I'm deeply frustrated and intimitated by applying rotations

Don’t be. I am basically giving you advice on how to inspect the models you create with the C API.
The desktop editions can have extensions. The extension I told you about, will allow you to inspect the transformation matrices of the instances that you transform. Ie, it’s a self help avenue.

Firstly, again I remind you that SketchUp’s modeling axes are different from game engines.
Z is up, X is to the right (points toward east,) Y runs away from the viewer (and is north 0 degrees.)

A simple single rotation would be done by creating a rotational transform.
`SUTransformationRotation`

• The `point` argument places the rotational axis `vector` somewhere in 3D space.
This does not have to be (but can be) within or even near the instance itself.
• The `vector` argument is the axis of rotation.
• The `angle` argument will be the angle to rotate about the axis defined by the `vector` argument.

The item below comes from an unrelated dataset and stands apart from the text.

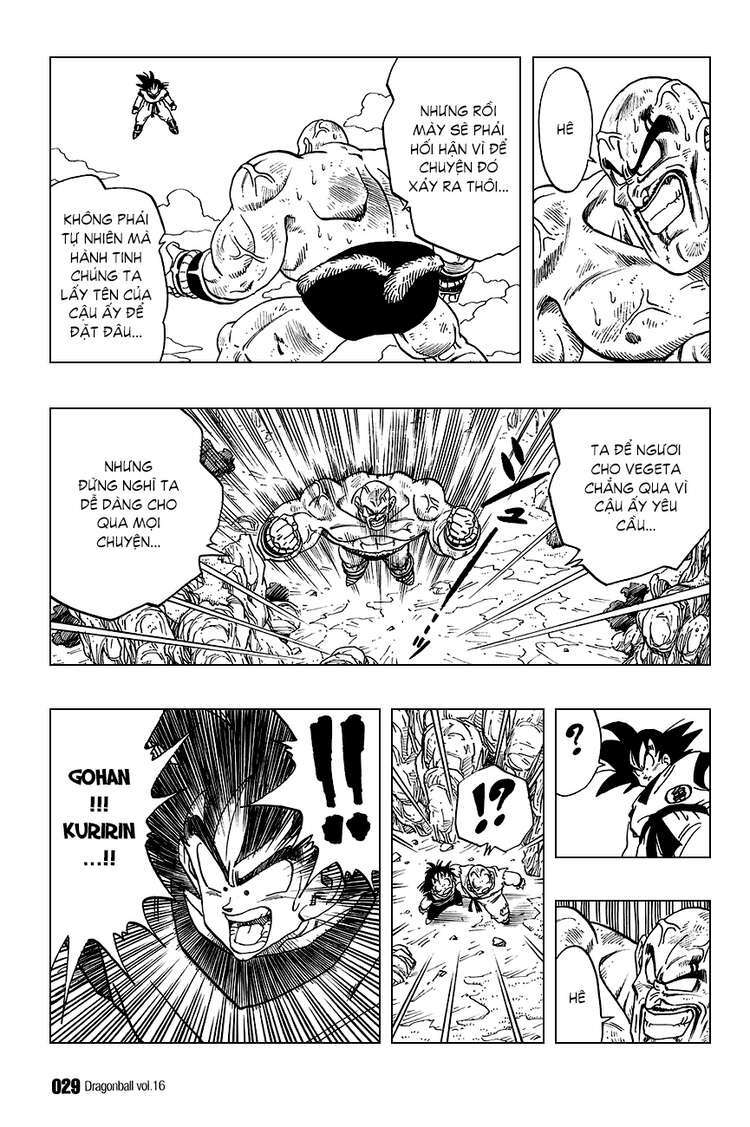 Dragon Ball – Bảy Viên Ngọc Rồng Chapter 226 - Trang 2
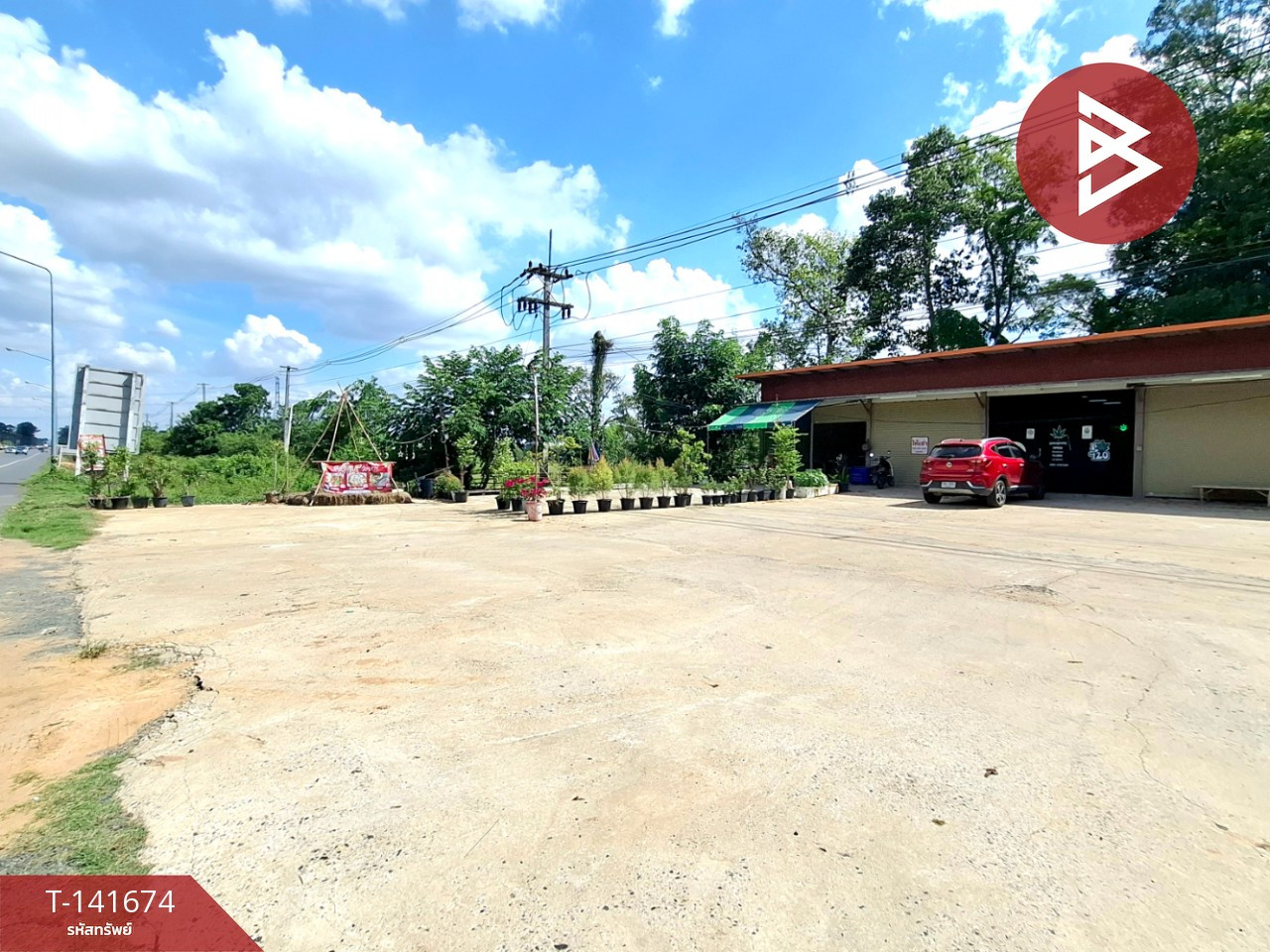 ขายห้องแถวชั้นเดียว เนื้อที่ 1 งาน 6.2 ตร.วา จังหาร ร้อยเอ็ด – รูปที่ 3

If you wish a compound rotation, then you’ll need to create 2 rotational transforms, and multiply them together, using the `SUTransformationMultiply()` function, and then apply the resultant transform to the instance.
You can also “mix in” translational and scaling transforms by multiplying them also.

But they are traditionally applied in a particular order. Translational first. Rotational second in (X, Y then Z order.) Then Scaling (X, Y then Z order.) Decomposing a transformation matrix must be done in reverse order. (See Aerilius’ code … link posted below.)

You could try this …

1. You get the transform of the instance.
2. from this you get the transform’s 3 axial vectors (X, Y and Z.) `SUTransformationGetXAxis`, etc.
3. You get the model’s global Axes object … `SUModelGetAxes`
4. from this you get the model’s 3 axial vectors (X, Y and Z.) `SUAxesGetXAxis`, etc.
5. You compare each of the 3 corresponding instance transformation axis with the model’s corresponding axis.
… ie X for X, Y for Y, etc. using `SUVector3DAngleBetween`

Note that the both (Ruby and C) API’s may have a limitation with the angle between method/function. I think it works using dot product for vectors which always returns a value between 0 and 180. (May not be a problem if the return value is signed.)

There are some ways to use trigonometry on the matrix values to get the axial rotations.
Aerilius posted code in Ruby here …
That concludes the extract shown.